◆ ASSIGNMENT:
Omit the pictures while printing every entry below exactly as given.

[Short web captions]
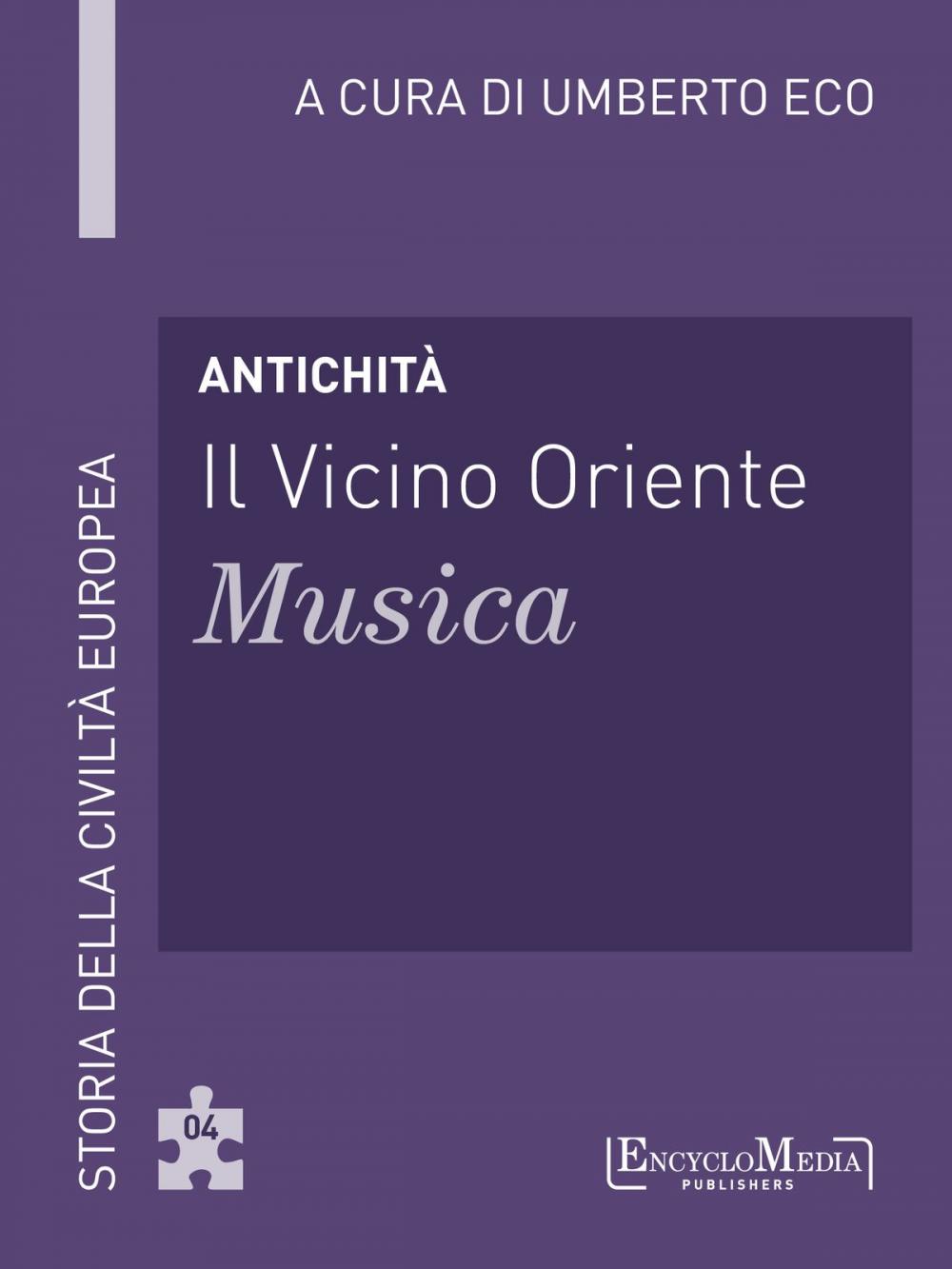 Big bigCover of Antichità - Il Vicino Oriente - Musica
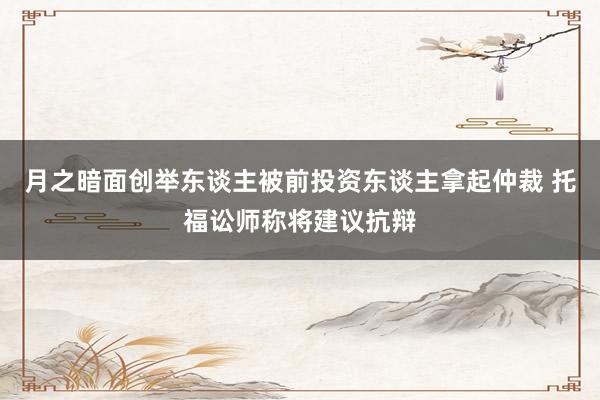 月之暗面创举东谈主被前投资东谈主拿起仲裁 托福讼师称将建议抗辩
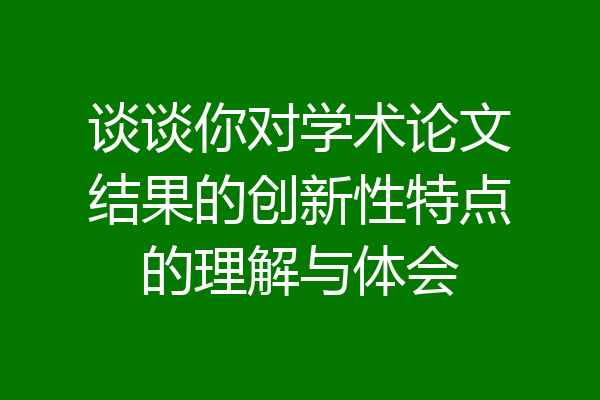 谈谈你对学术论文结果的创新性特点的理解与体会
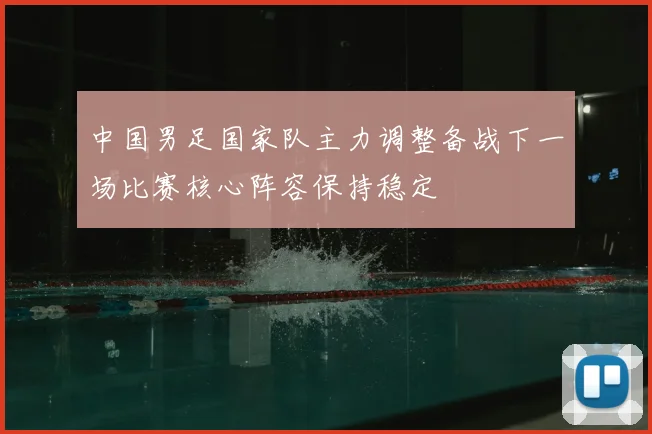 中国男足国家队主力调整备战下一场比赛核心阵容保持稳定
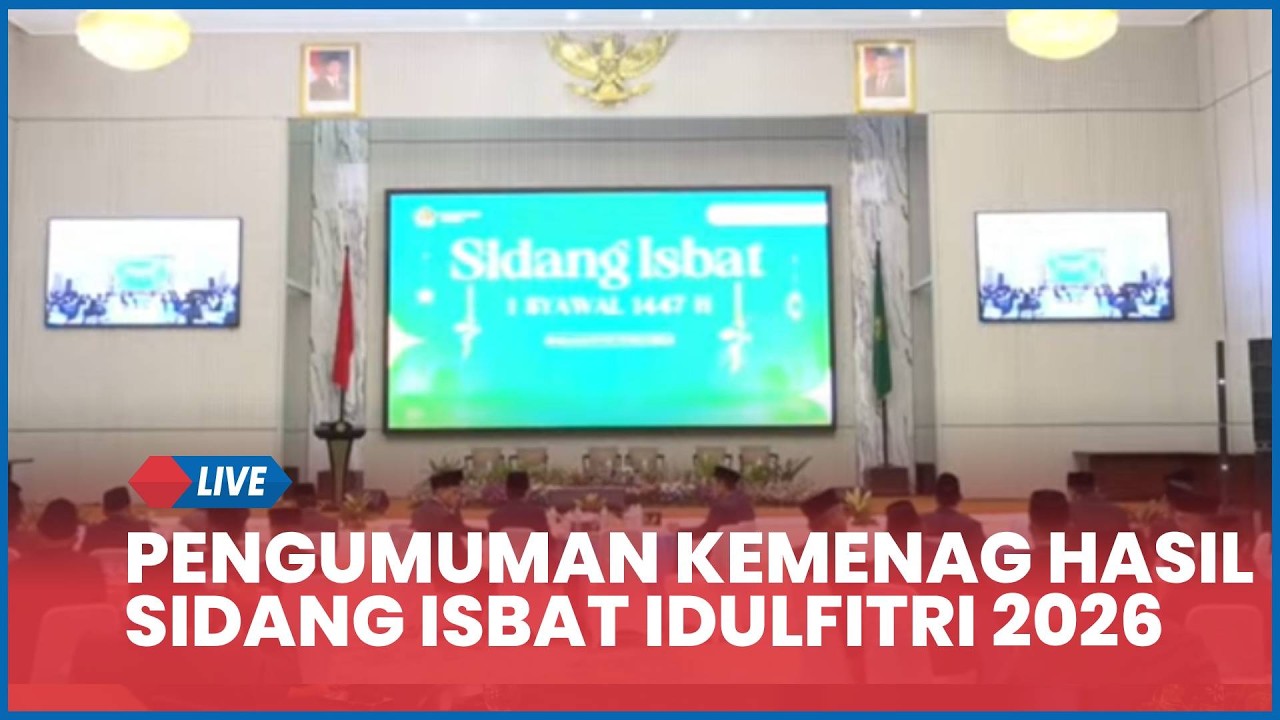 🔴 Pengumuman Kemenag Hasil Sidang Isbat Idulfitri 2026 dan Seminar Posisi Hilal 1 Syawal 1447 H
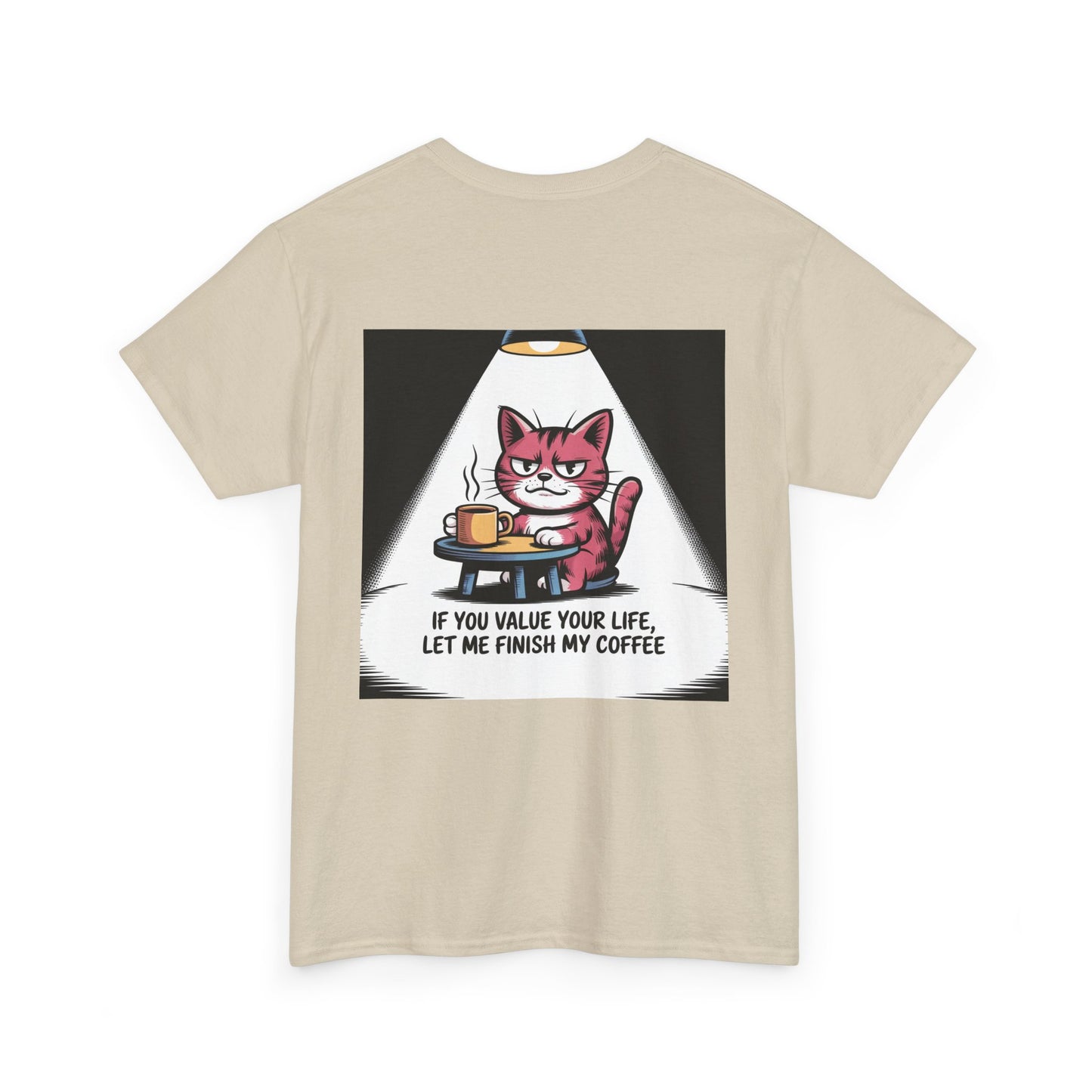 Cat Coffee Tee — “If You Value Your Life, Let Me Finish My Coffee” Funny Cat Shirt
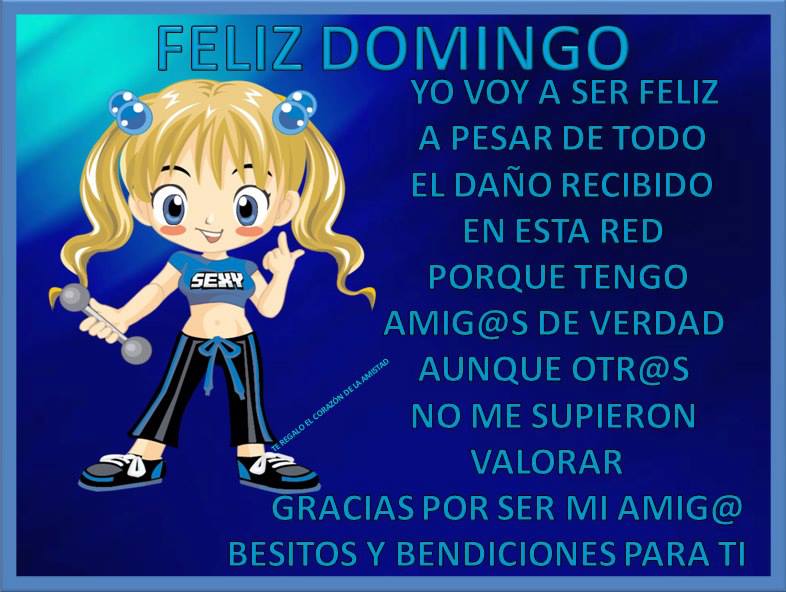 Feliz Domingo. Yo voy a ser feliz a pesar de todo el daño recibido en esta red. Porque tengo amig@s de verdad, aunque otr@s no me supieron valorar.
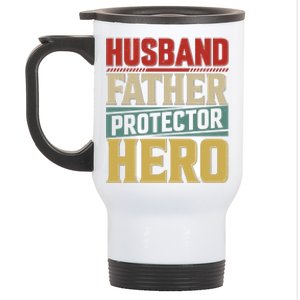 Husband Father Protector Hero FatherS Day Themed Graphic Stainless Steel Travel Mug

◆ RESPONSE:
 Big bigCover of Antichità - Il Vicino Oriente - Musica
 月之暗面创举东谈主被前投资东谈主拿起仲裁 托福讼师称将建议抗辩
 谈谈你对学术论文结果的创新性特点的理解与体会
 中国男足国家队主力调整备战下一场比赛核心阵容保持稳定
 🔴 Pengumuman Kemenag Hasil Sidang Isbat Idulfitri 2026 dan Seminar Posisi Hilal 1 Syawal 1447 H
 Cat Coffee Tee — “If You Value Your Life, Let Me Finish My Coffee” Funny Cat Shirt
 Feliz Domingo. Yo voy a ser feliz a pesar de todo el daño recibido en esta red. Porque tengo amig@s de verdad, aunque otr@s no me supieron valorar.
 Husband Father Protector Hero FatherS Day Themed Graphic Stainless Steel Travel Mug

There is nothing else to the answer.